Variables Used in Data:

Happiness Score: How would you rate your hapinness on a scale of 0 to 10 where 10 is the happiest?
Economy: GDP per capita
Subset Country, Happiness.Score, Economy..GDP.per.Capita. into a new data frame and change to new column name (Happiness Score, Economy) to make the data easier to read.

Descriptive Statistics and Visualisation

Use scatter plot to visualise the relationship between Economy and Happiness Score.

plot(happiness$`Happiness Score` ~ happiness$Economy, data = happiness, xlab = "Economy", ylab = "Hapiness Score")

As we can see from the scatter plot, as Economy increases, the Happiness Score also increases. Therefore, this is a positive relationship.
However, if Happiness Score had decreased with increasing values for Economy, the relationship would be negative.

Decsriptive Statistics Cont.

#Use lm() function to fit the linear regression model
happiness_model<- lm(happiness$`Happiness Score`~happiness$Economy, data = happiness)
happiness_model %>% summary()

## 
## Call:
## lm(formula = happiness$`Happiness Score` ~ happiness$Economy, 
##     data = happiness)
## 
## Residuals:
##      Min       1Q   Median       3Q      Max 
## -1.88807 -0.45200 -0.05328  0.49425  1.89833 
## 
## Coefficients:
##                   Estimate Std. Error t value Pr(>|t|)    
## (Intercept)         3.2032     0.1356   23.62   <2e-16 ***
## happiness$Economy   2.1842     0.1267   17.24   <2e-16 ***
## ---
## Signif. codes:  0 '***' 0.001 '**' 0.01 '*' 0.05 '.' 0.1 ' ' 1
## 
## Residual standard error: 0.6617 on 153 degrees of freedom
## Multiple R-squared:  0.6601, Adjusted R-squared:  0.6579 
## F-statistic: 297.1 on 1 and 153 DF,  p-value: < 2.2e-16

The best line fit is Happiness Score = 3.203 + 2.184 x Economy

Hypothesis Testing for the overall linear regression model

\[H_0: The\ data\ do\ not\ fit\ the\ linear\ regression\ model\] \[H_A: The\ data\ fit\ the\ linear\ regression\ model\]

#calculate the p-value
pf( q =297.1,1,153,lower.tail = FALSE)

## [1] 1.117922e-37

p< 0.001
Reject \(H_0\) as the p-value is less than the 0.05 level of significance.
There was statistically significant evidence that the data fit a linear regression model.

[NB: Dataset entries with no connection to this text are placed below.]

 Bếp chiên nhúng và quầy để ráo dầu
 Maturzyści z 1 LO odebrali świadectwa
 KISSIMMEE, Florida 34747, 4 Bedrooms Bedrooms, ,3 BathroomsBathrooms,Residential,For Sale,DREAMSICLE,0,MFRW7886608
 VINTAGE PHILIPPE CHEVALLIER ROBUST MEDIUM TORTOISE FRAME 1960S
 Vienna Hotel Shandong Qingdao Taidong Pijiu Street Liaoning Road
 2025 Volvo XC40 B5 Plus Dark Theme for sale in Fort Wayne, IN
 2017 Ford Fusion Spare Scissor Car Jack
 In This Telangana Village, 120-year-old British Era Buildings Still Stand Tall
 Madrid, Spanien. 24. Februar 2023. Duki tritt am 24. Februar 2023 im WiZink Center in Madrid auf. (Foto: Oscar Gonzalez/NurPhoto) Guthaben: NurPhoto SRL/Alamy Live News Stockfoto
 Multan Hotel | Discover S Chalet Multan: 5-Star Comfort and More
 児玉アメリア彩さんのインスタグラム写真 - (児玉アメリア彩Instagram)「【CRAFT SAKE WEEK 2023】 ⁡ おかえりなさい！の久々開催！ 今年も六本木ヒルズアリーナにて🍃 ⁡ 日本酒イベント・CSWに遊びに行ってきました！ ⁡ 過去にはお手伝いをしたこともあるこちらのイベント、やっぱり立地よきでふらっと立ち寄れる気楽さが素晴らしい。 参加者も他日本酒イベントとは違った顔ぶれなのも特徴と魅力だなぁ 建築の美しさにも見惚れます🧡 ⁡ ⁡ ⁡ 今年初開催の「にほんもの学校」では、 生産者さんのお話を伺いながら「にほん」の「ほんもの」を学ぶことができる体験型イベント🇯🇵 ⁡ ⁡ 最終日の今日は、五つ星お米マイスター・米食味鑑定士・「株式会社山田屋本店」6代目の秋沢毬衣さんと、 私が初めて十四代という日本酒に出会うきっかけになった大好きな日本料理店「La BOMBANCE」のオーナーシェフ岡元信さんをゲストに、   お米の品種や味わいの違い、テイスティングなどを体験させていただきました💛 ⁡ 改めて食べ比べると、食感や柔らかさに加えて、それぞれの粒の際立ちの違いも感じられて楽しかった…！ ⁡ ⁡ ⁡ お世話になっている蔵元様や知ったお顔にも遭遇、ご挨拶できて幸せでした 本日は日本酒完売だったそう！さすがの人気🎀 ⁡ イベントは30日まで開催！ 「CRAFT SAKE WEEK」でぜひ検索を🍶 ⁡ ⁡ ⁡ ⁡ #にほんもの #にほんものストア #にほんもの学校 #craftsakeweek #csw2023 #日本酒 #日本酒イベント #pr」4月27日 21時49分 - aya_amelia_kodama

Hypthesis Testing - Model parameters (\(\alpha\)):

\[H_0:\alpha = 0 \] \[H_A: \alpha \ne 0\]

This hypothesis is testing using a t statistic, reported as t = 23.62, p<0.001.
There was statistically siginificant evidence that the constant is not 0.

In order to confirm that p < 0.001. We calculate 95% CI for \(\alpha\) by using confint() function:

happiness_model %>% confint()

##                      2.5 %   97.5 %
## (Intercept)       2.935283 3.471143
## happiness$Economy 1.933859 2.434511

95% CI for \(\alpha\) to be [2.935 3.471].
\(H_0\): \(\alpha\) = 0 is clearly not captured by this interval, therefore it was rejected.

Hypthesis Testing - Model parameters (\(\beta\)):

The slope of the regression line was reported as \(\beta\) = 2.18. This means that one unit increase in GDP is related to an average increase in happiness score of 2.18 units. This is a positive change.

\[H_0: \beta = 0 \] \[H_A: \beta \ne 0 \]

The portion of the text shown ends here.